Look through the data below for the line with "Men's stainless steel" and the line with "マニマリス　パンケーキ　かごバッグ 　バイカラー　シングル", then transcribe exactly from the first through the second, leaving out all pictures.

*** Exercise materials ***

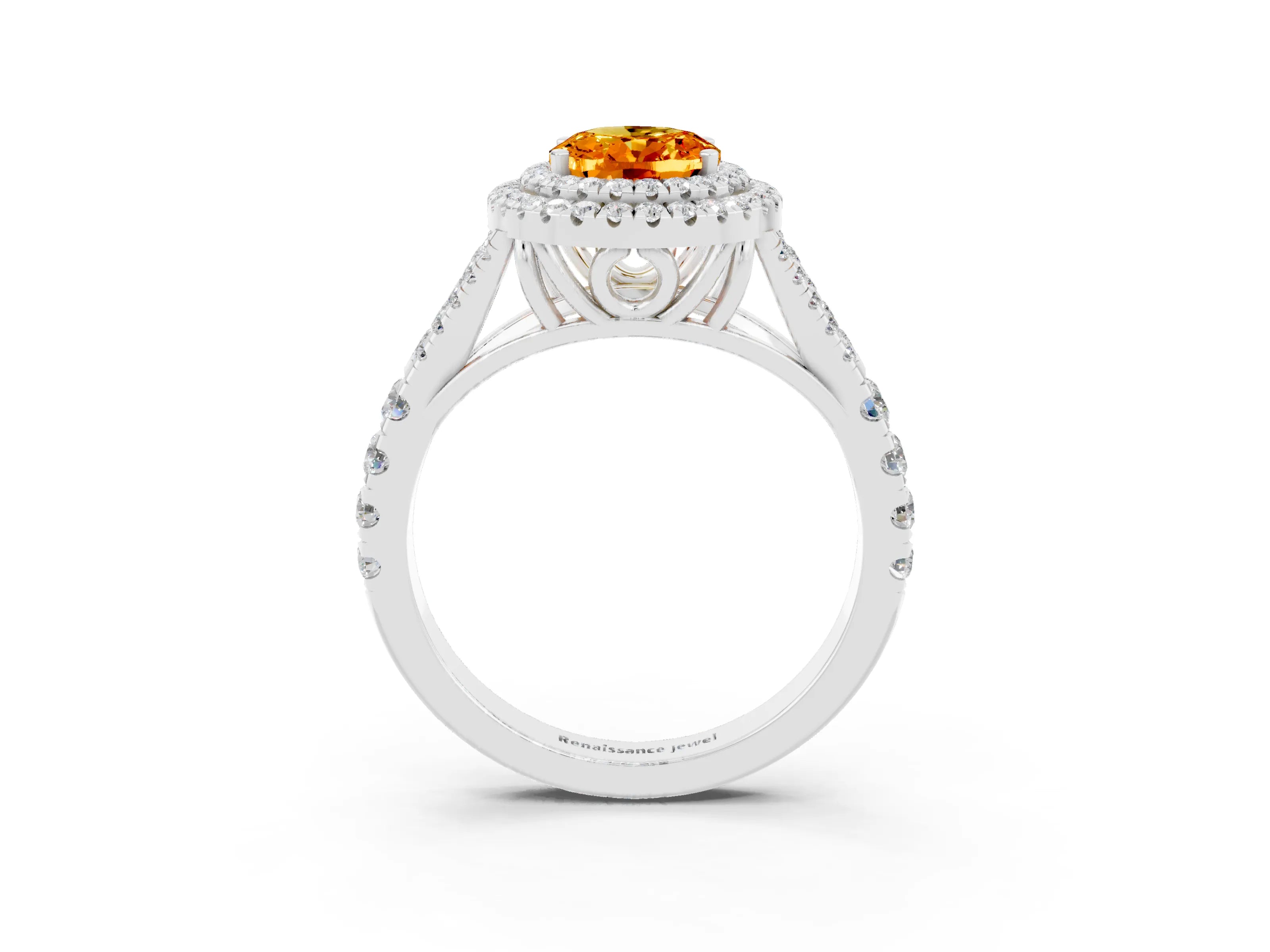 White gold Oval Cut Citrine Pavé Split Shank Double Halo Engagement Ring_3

*** End of Exercise materials ***
*** Exercise materials ***

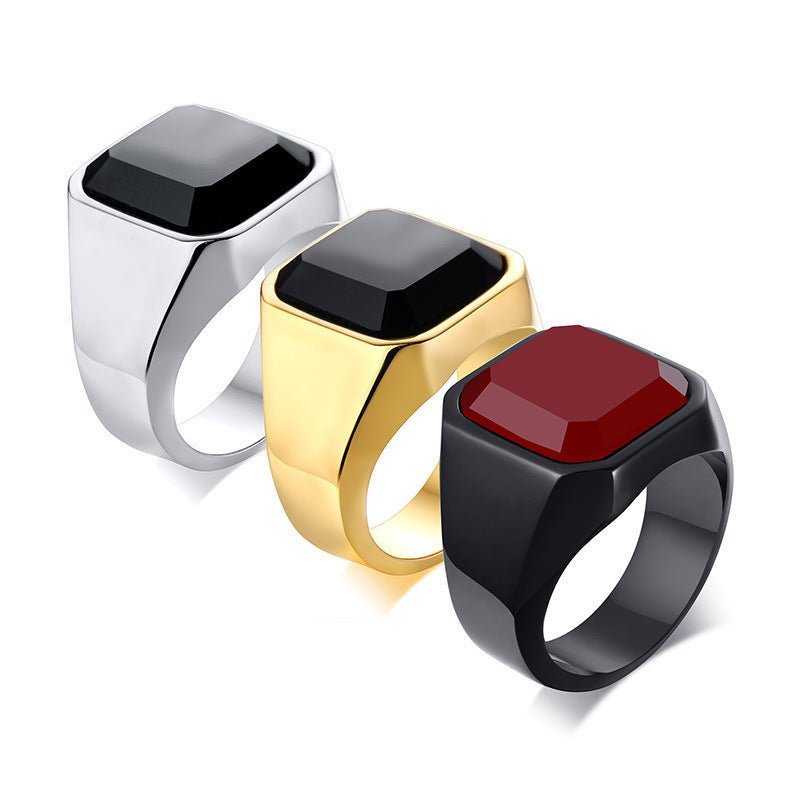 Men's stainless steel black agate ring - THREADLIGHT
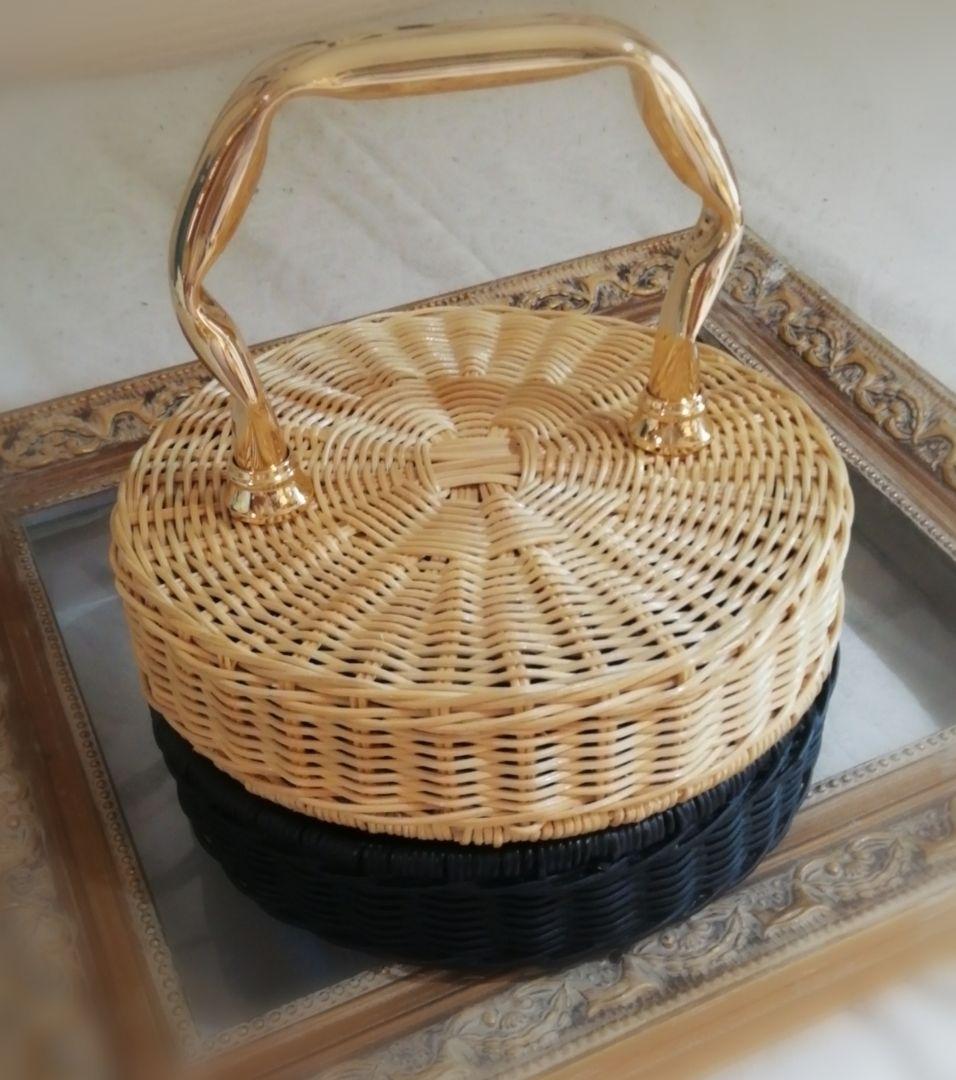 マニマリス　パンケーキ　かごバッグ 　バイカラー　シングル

*** End of Exercise materials ***

**Task response:**
 Men's stainless steel black agate ring - THREADLIGHT
 マニマリス　パンケーキ　かごバッグ 　バイカラー　シングル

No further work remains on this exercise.